Es ist ein teuflisches Gemisch aus religiösem Fanatismus, Profit-
und Machtgier, das diese selbsternannten Propheten einer neuen Ordnung
zu ihrem erbarmungslosen Kulturvandalismus treibt. Sie berufen sich
dabei auf „göttliches Gebot“ und die Beispiele Abrahams und Mohammeds,
die sie dazu verpflichteten, alles zu vernichten, was Götzenverehrung
gleichkäme. Seit Abraham den Eingottglauben annahm und die Götzen seines
Vaters zerschmetterte, hat der Nahe Osten Kulturvandalismus in einer
Intensität erlitten, wie wenige andere Regionen der Welt. Für den dem
Salafismus anhängenden IS, der sich streng an die Frühzeit des Islam
orientiert, gilt es nun, alles was zur Glorie des Heidentums, wie er es
versteht, beiträgt, zu zerstören. Denn „Schirk“ (Vielgötterei) gilt als
„die erste große von den großen Sünden“. Dabei orientiert sich der IS
an der in Saudi-Arabien bis heute vertretenen Strömung des Wahhabismus,
dessen Gründer ibn Abdel Wahhab im 18. Jahrhundert den Glauben läutern
und zu den Grundprinzipien des Islam zurückzukehren suchte. Als Folge
wurden an die 90 Prozent der islamischen Monumente, heiligen Stätten,
Grabmäler und Mausoleeen auf der Arabischen Halbinsel zerstört. 1924
besetzte der Gründer Saudi-Arabiens, Abd al-Aziz ibn Saud Mecca und
zerstörte das Grabmal von Khadijah, der Frau Mohammeds, sowie dessen
Onkels, Abu Talib. In Medine machte er das Mausoleum, das die
Grabstätten der Nachkommen Mohammeds, darunter auch dessen Tochter
Fatimah, barg, dem Erdboden gleich.
Doch der Vandalismus der IS-Vandalen entspringt keineswegs nur der
„Gottesfurcht“, sondern auch einem himmelschreienden Zynismus. Jede
Antiquität, die sich auf dem internationalen Schwarzmarkt verkaufen
lässt, trägt zur Stärkung der Macht des „Islamischen Staates“ bei. Was
nicht geschmuggelt werden kann, soll vernichtet werden. So treibt der
IS den Schmuggel zur Hochblüte und streift Erträge in Milliardenhöhe
ein. Dabei wirkt die über Video in alle Welt verbreitete Zerstörung
einzigartiger kulturhistorischer Schätze als wertvolle Propaganda in
dieser barbarischen Schlacht zum Aufbau einer neuen Ordnung.

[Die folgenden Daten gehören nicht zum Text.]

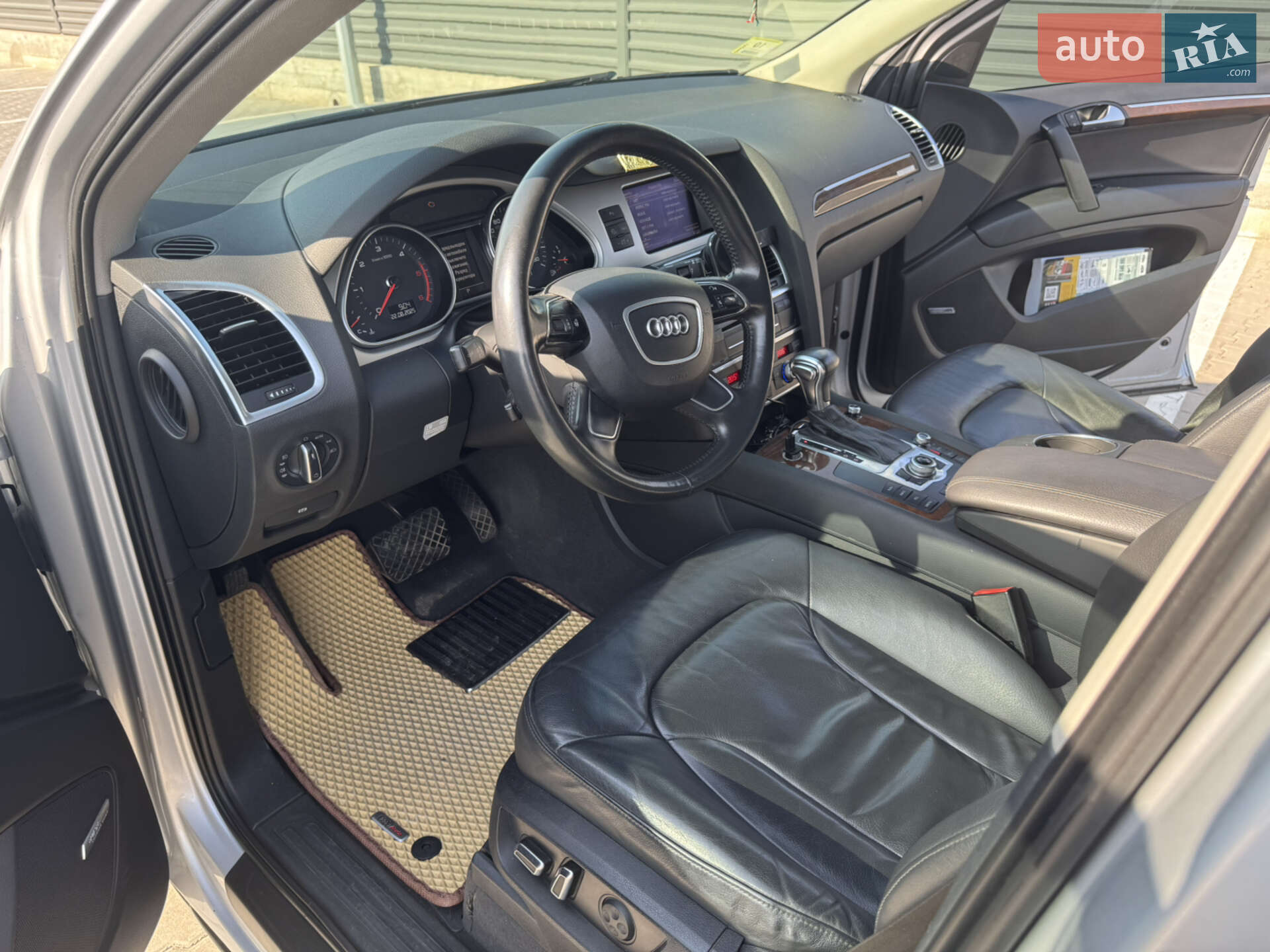 Audi Q7 2013 VIN WA1LMAFE7DD012651 фото оголошення 4 з 11
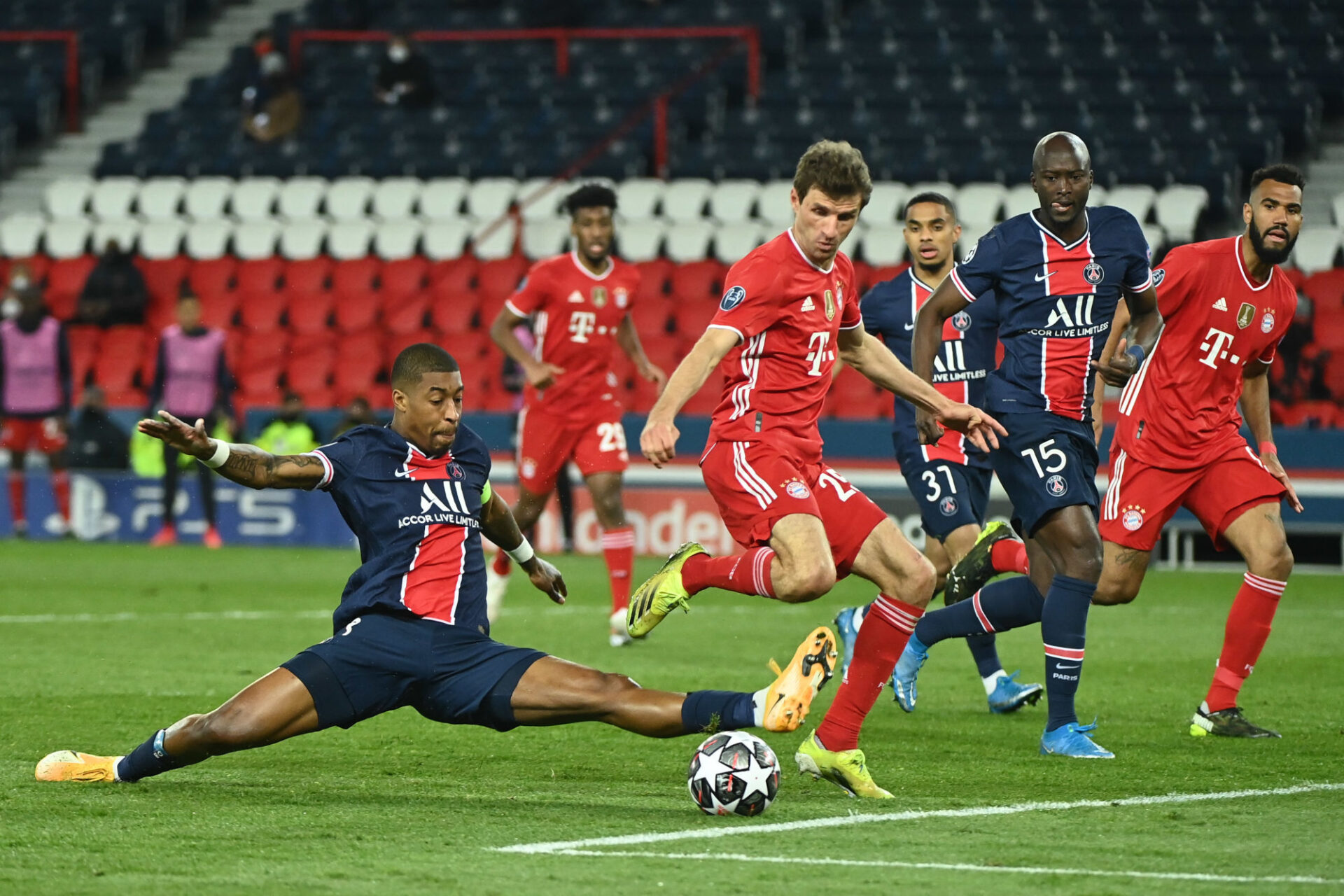 Presnel Kimpembe face &agrave; Thomas M&uuml;ller contre le Bayern. Icon Sport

Und in dieser Schlacht besitzt Palmyra für den IS ganz besondere
Bedeutung. Denn dieser alte Schmelztiegel der Kulturen symbolisiert die
Pluralität und Toleranz, die Syrien so lange charakterisierte. Diese
Diversität zu zerstören, zugleich auch das historische Gedächtnis der
Bewohner und damit deren Identität zu rauben, ist das Ziel, um die Basis
für das aufzubauende Kalifat bilden, einen geschichtlich völlig
befreiten Raum, das Jahr Null für die neue Ordnung. Wer kann Palmyra,
diesen einzigartigen Schatz, vor diesen Barbaren retten?